4 January 2011
The NHS faces a “defining year” ahead as unprecedented financial pressures and an unnecessarily ambitious programme of reform in England begin to take effect warns the BMA.
In his New Year message to doctors, Dr Hamish Meldrum, Chairman of BMA Council, said:
“There is no doubt that 2011 will be an exceptionally testing time for the NHS, patients and the profession. Set against a backdrop of an unprecedented financial challenge, with efficiency savings of at least £20 billion being sought in England alone, the Government is pushing ahead, at break-neck speed, with an unnecessarily ambitious programme of reform in England.
“The NHS is facing similar financial challenges in the devolved nations and it is only of little comfort that this is not combined with the additional burden of organisational upheaval.
“As doctors and clinical leaders, your role in dealing with the current demands, protecting the quality of patient care and helping to ensure the future viability of NHS services, will be crucial. I am confident that the profession will rise to the challenge and will do its part to minimise any adverse impact on patients. However, the profession can’t do it alone.”

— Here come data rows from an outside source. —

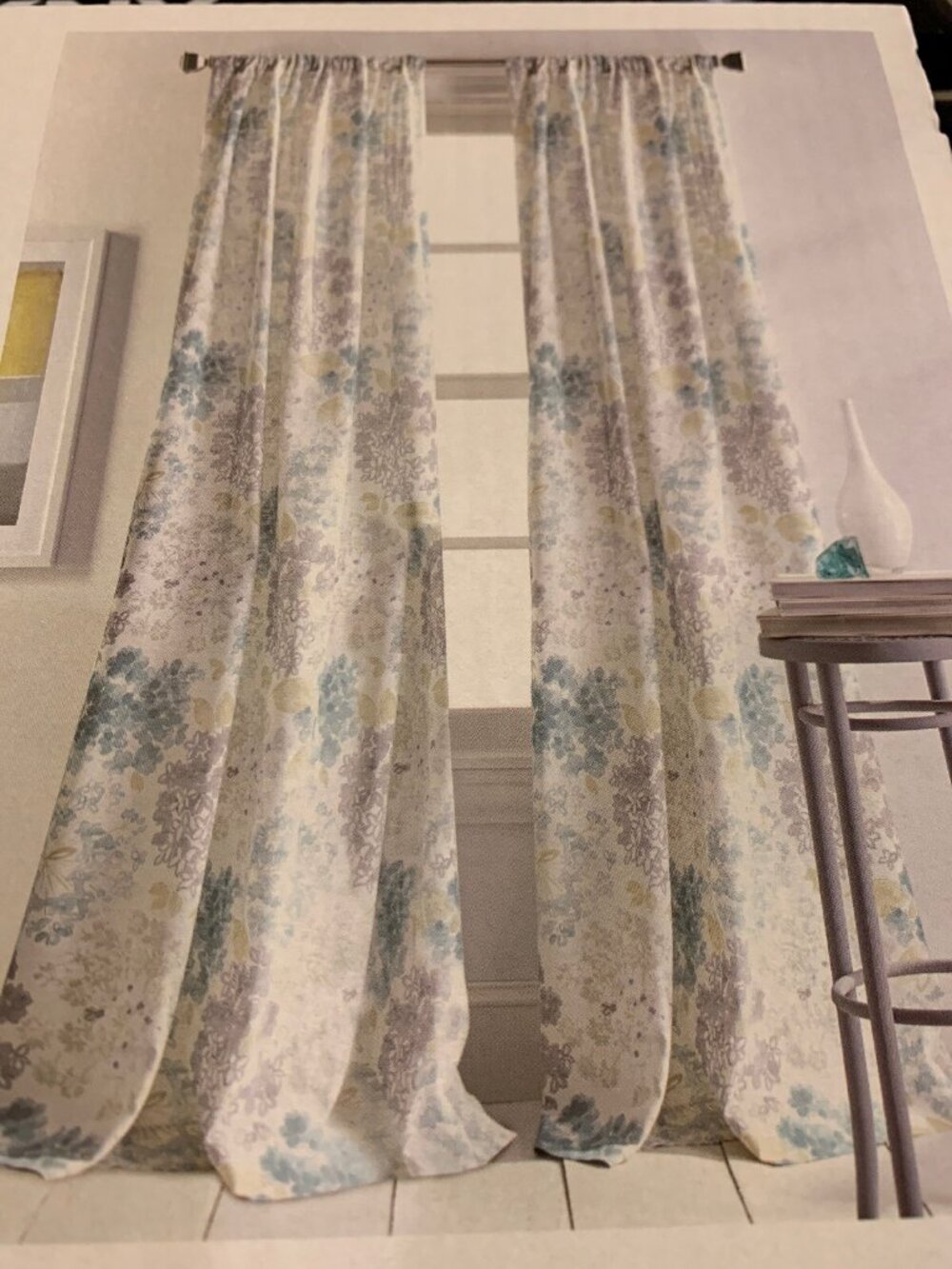 DKNY Floral Fields Blue Teal Yellow Gray 84" Rod Pocket Curtain Panels Pair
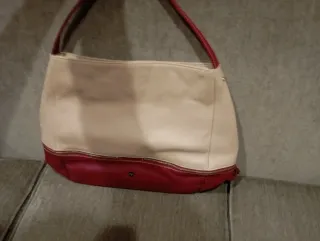 Bolso Purificación García Piel Beige y Rojo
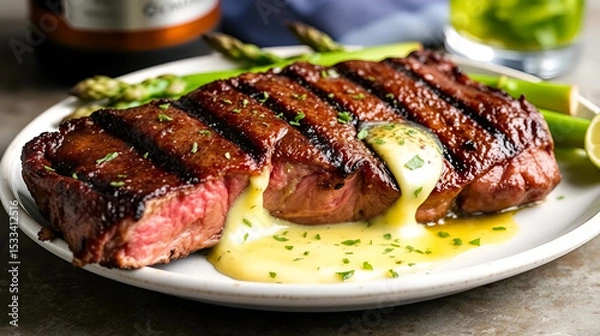 Fototapeta Best steak recipe grilled new york strip steak with asparagus and herb butter for dinner tonight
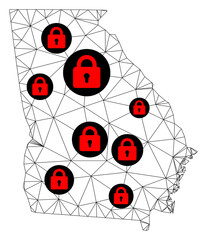Polygonal mesh lockdown map of Georgia State. Abstract mesh lines and locks form map of Georgia State. Vector wire frame 2D polygonal line network in black color with red locks.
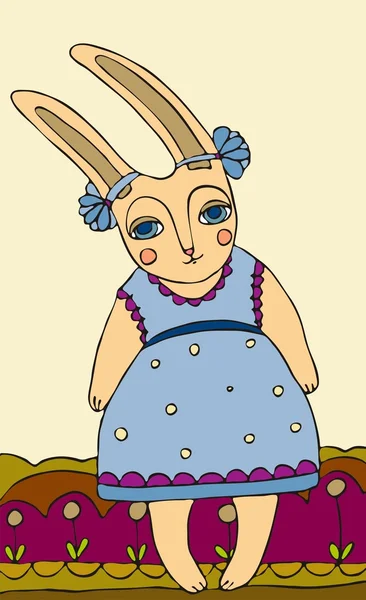 Kanin i klänning — Stock vektor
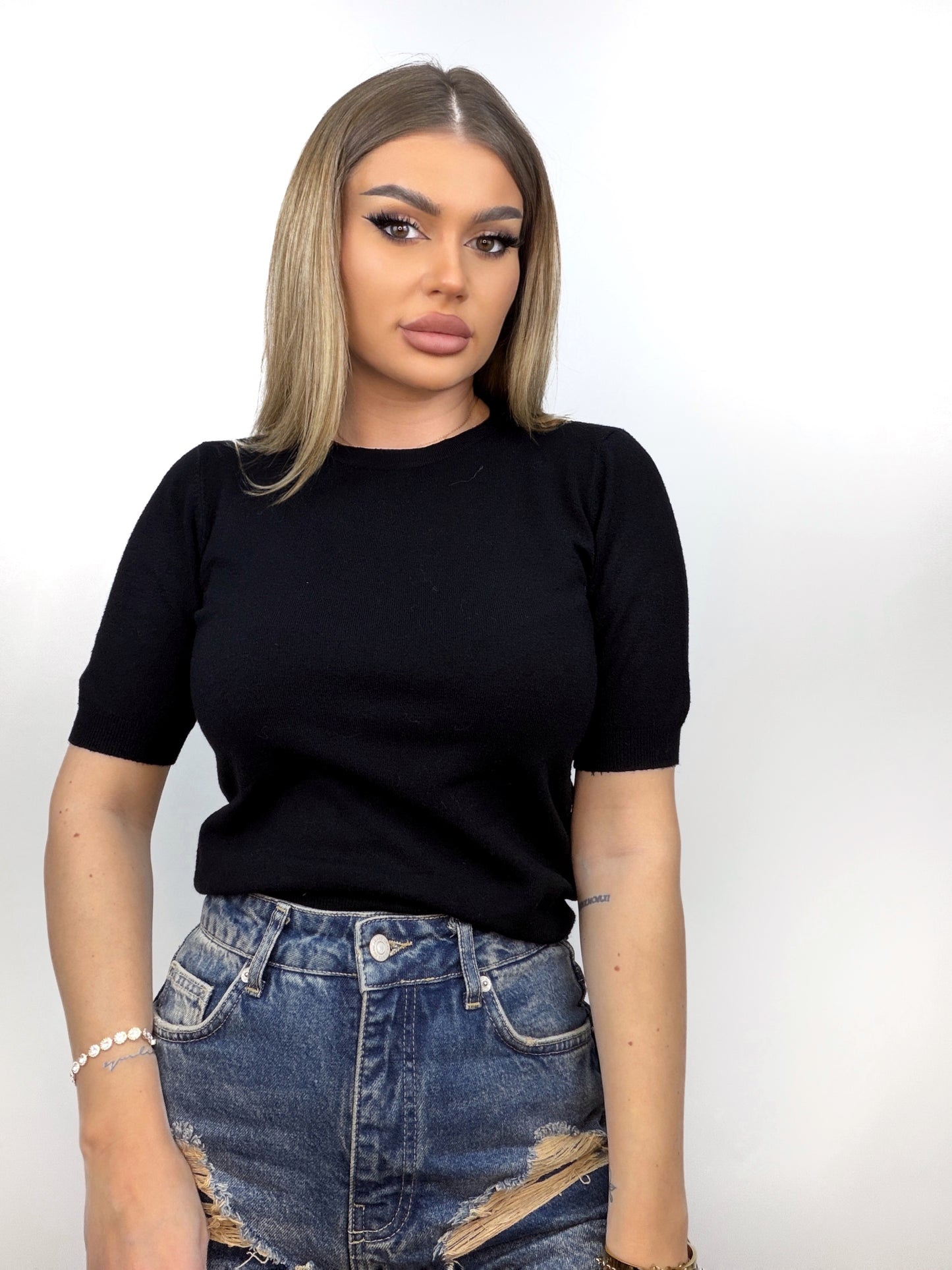 Tricou Negru Tricotat Polly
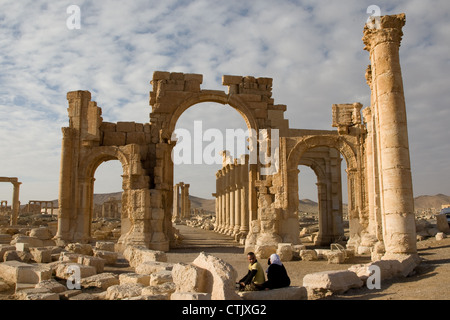 Antike römische Stätte Palmyra in Syrien in der Nähe von Damaskus Stockfoto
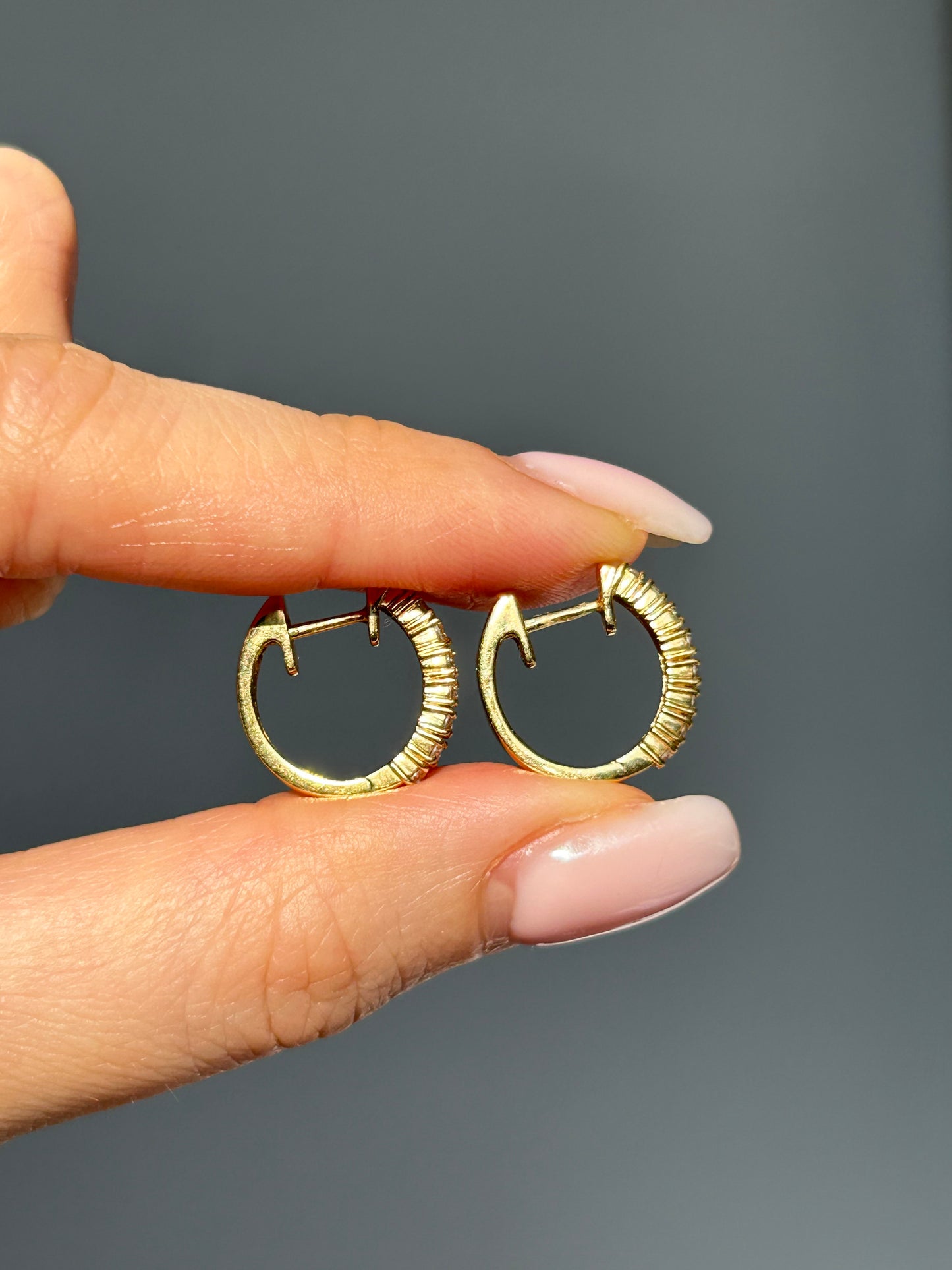 Vintage 18k Gold Diamond Huggies Hoop Earrings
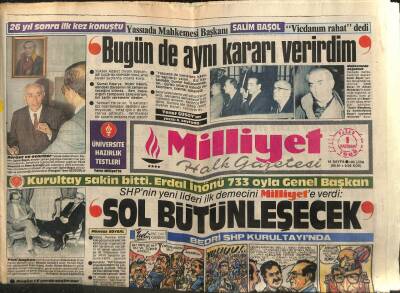 Milliyet Gazetesi - 1 Haziran 1986 - Erdal İnönü 733 Oyla Genel Başkan GZ110836 - 1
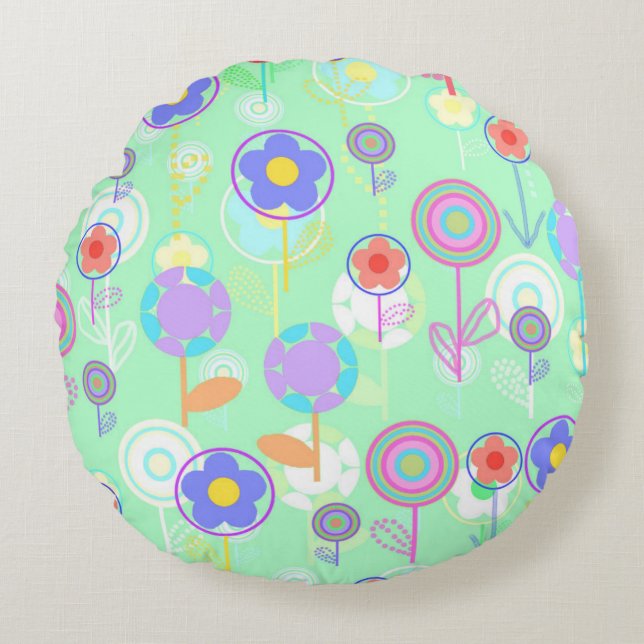 Overlayer Blumen Rundes Kissen (Vorderseite)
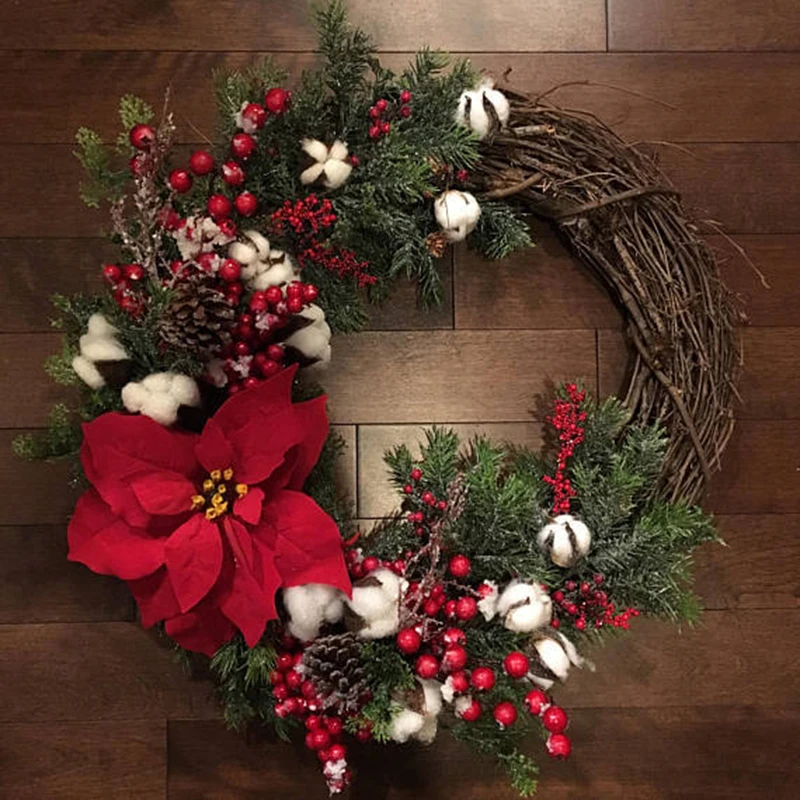 Vianočný veniec umelé rastliny Rattan Circle Decor Decor Simulation Flower Mall Hotel supermarket dekorácie vianočné dekorácie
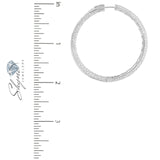 14K White Gold 8.31ct Medium Diamond Hoop Earrings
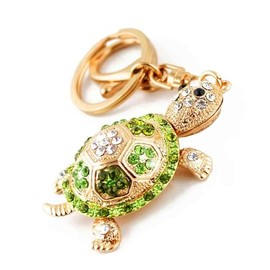 Crystal Rhinestone Diamante Longevity Tortoise Shoe Decoration Chain for Phone Car Bag Key Ring keychain Charm Gift - Perfect for Women Ladies Girls' Phone Key Bag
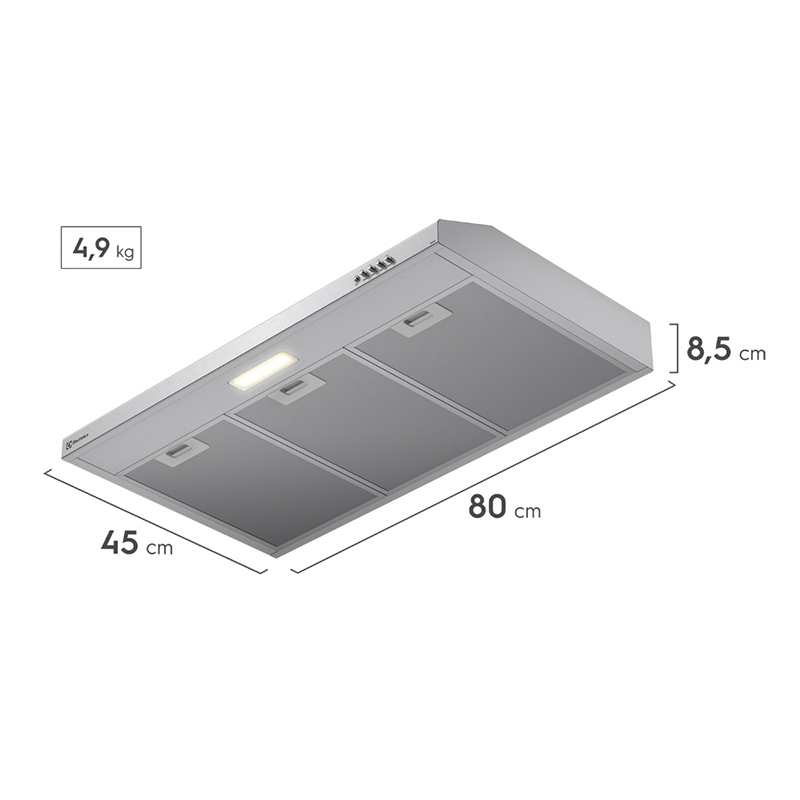CAMPANA EMPOTRABLE  80CM SILVER ELECTROLUX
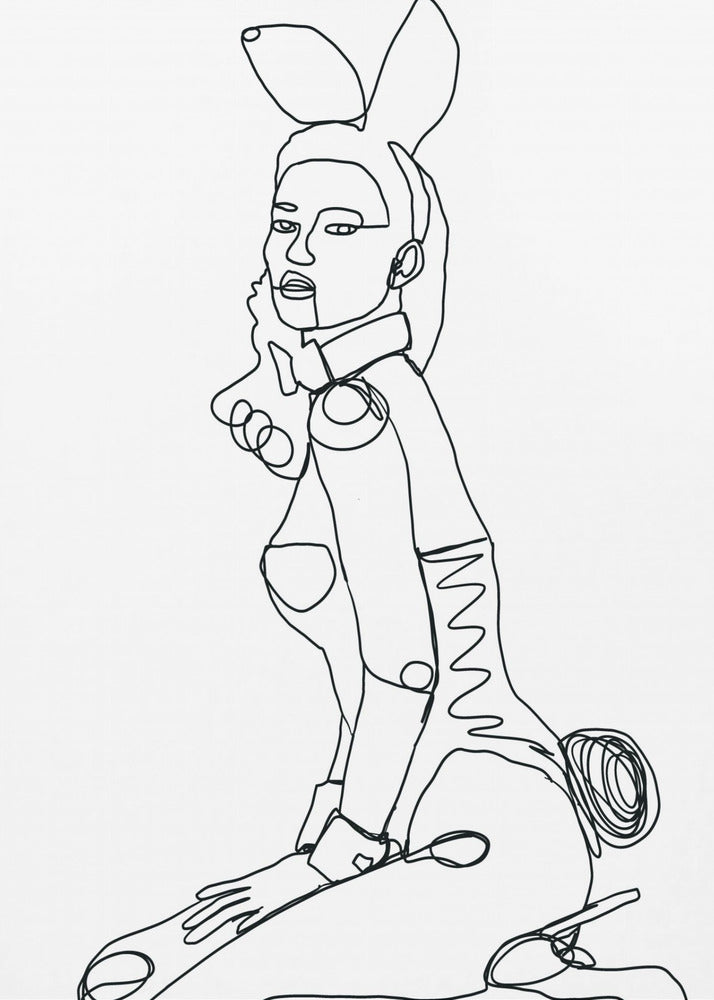 Line Drawing of Bunny Lady | Canvas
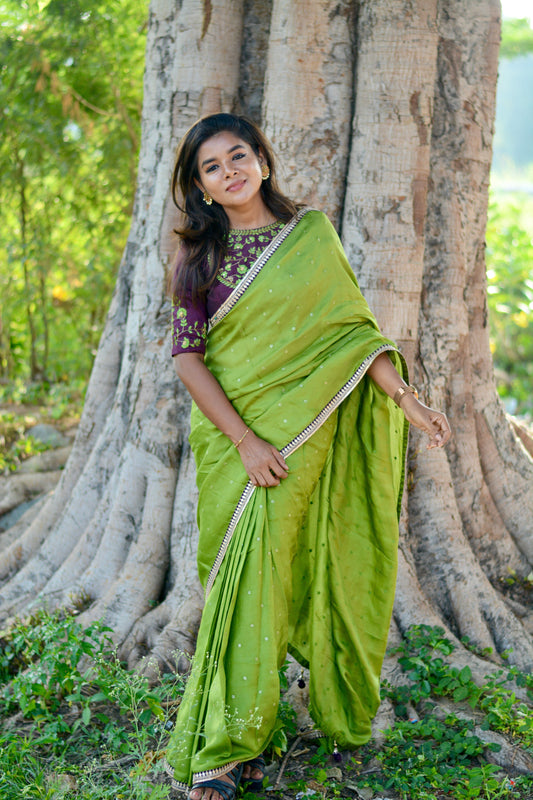 Green jute saree with brown hand worked blouse
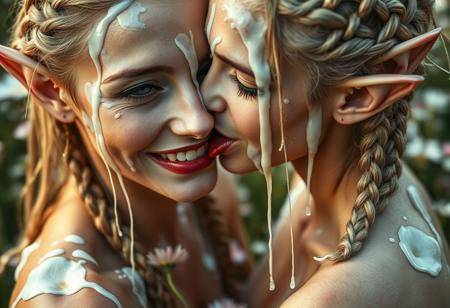 Erotic closeup of faces of 2females, thin elfin features in a field of flowers, 1female is smiling and facing the viewer, the other 1female is in profile licking with her tongue the side of the first female’s face, lots of white-pearlescent liquid is dripping and running down their faces and bodies, they are wearing revealing dresses, seductive, sexy, elaborately braided hair, (realistic), masterpiece, photorealistic, real life photo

Talking about the government’s planned reforms to the NHS in England, Dr Meldrum said:
“The Government’s response to its consultation on the White Paper, Liberating the NHS, was a missed opportunity to demonstrate to the profession, and others, that it genuinely was listening to the concerns that many had put forward.
“Whilst we support proposals to increase clinical involvement in the design and delivery of healthcare, enable greater public and patient involvement and put the focus on quality and outcomes, rather than crude targets, we have real concerns about other aspects of the planned reforms. In particular, the lack of detail in many areas, the increasing emphasis on competition and the market, and the significant risks created by the process of rushed and unnecessarily risky transition, particularly at a time of such financial stringency.
“Despite some of our scepticism, and, more so, because of our concerns, I believe there is a continuing need for the profession to remain closely involved in how the NHS develops, in putting our evidence for change forward, and in reflecting how the NHS is delivered differently across the UK.
“2011 will be a defining year – one in which the NHS will be tested to the limit. The BMA will continue fighting to improve the quality of care for patients, protect the values that ensure the NHS thrives, enhance the working lives of those who work within it, and guard against the threats facing the profession at large to ensure a better future for all.”